Jean-Charles BLAIS

Jean-Charles BLAIS



oil on newsprint
20 x 16"


Jean-Charles Blais was born in Nantes, France in 1956. At eighteen he enrolled at the École des Beaux-Arts in Rennes, where he studied for five years. From the early 1980s the work of the Nouveaux Réalistes, Pop art and arte povera, especially the works known as affiches arrachées (torn-down posters), have been constitutive for Blais's own work. They mark his departure for a new type of painting determined by the material of the support. After observing tattered advertising posters pasted one over the other, Blais developed a pictorial language that was more concerned with the space articulated 'behind' the surface than the two-dimensionally formulated message conveyed by the surface itself.

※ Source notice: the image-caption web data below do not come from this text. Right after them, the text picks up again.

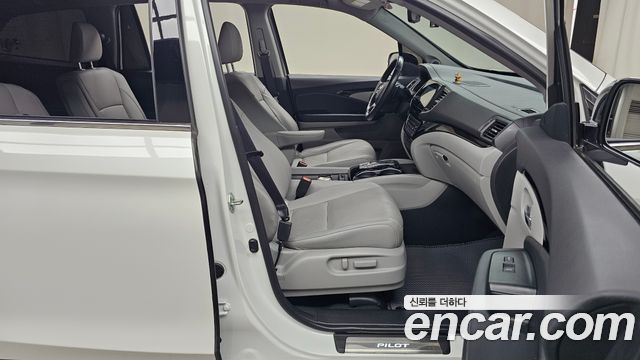 Honda Pilot (III) 3.5 Elite 2021 — фото 26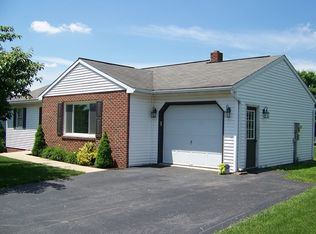104 Dogwood Dr, Narvon, PA 17555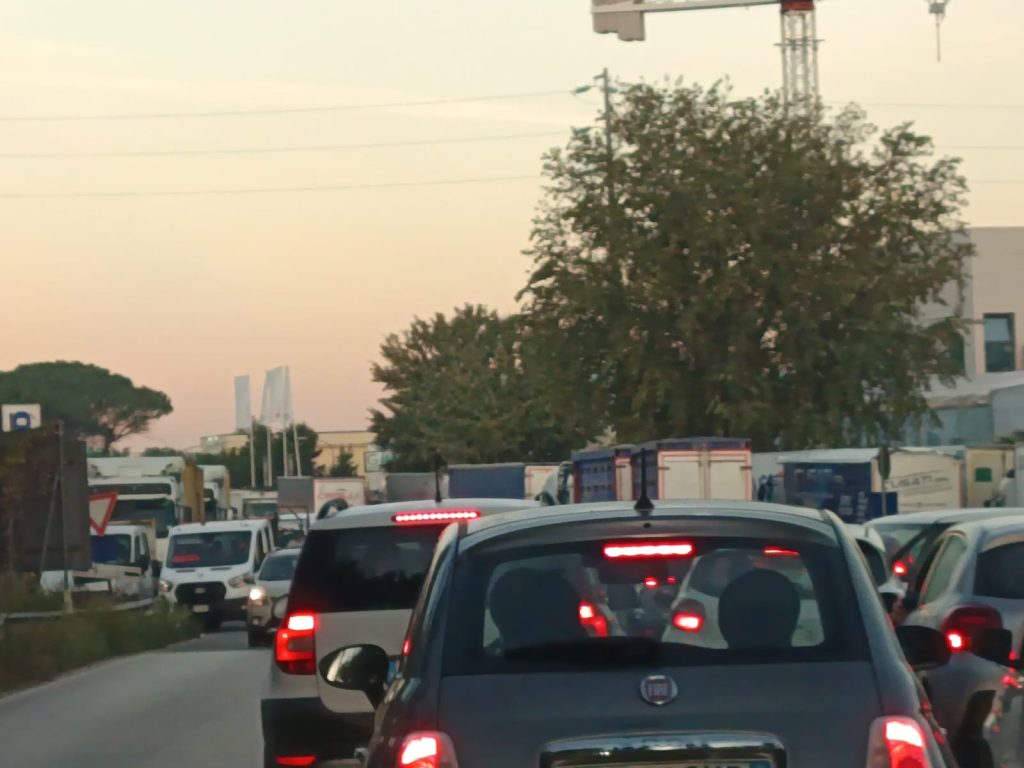 Nola, sciopero dei camionisti: disagi allaccesso al casello autostradale, lunghe code fino alla Statale 7 bis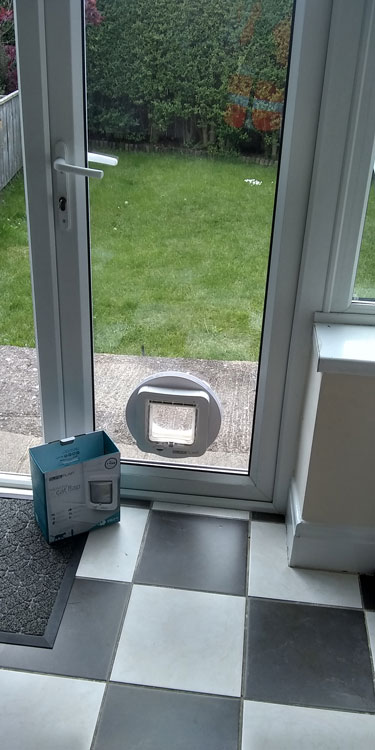 Cat and dog flap fitters West Denton park and Lemington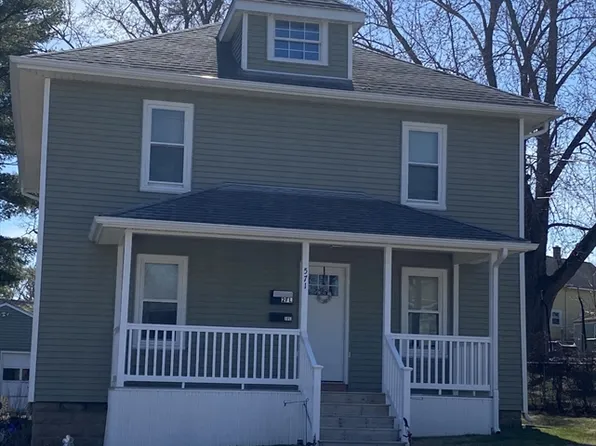 571 Britton St, Chicopee, MA 01020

Multi-layering of materials and an eye for the coincidental patterns created by edges and folds generate associative structures from which Blais works out representational motifs, figurative elements, houses and animals, plants or tools—on the back. Numerous one-man shows in France, later in Germany and the US as well, have made Jean-Charles Blais's work known to a broader public since the 1980s. His first large-scale work in a public space attracted a great deal of attention in 1990: Jean-Charles Blais was charged with decorating the Assemblée Nationale Métro station in Paris. This project was followed in 1996 by 'Telephone Booths' for the exhibition entitled 'Thinking Print' mounted by the Museum of Modern Art in New York. Since the turn of the century, Blais has been exploring digital technologies and new materials.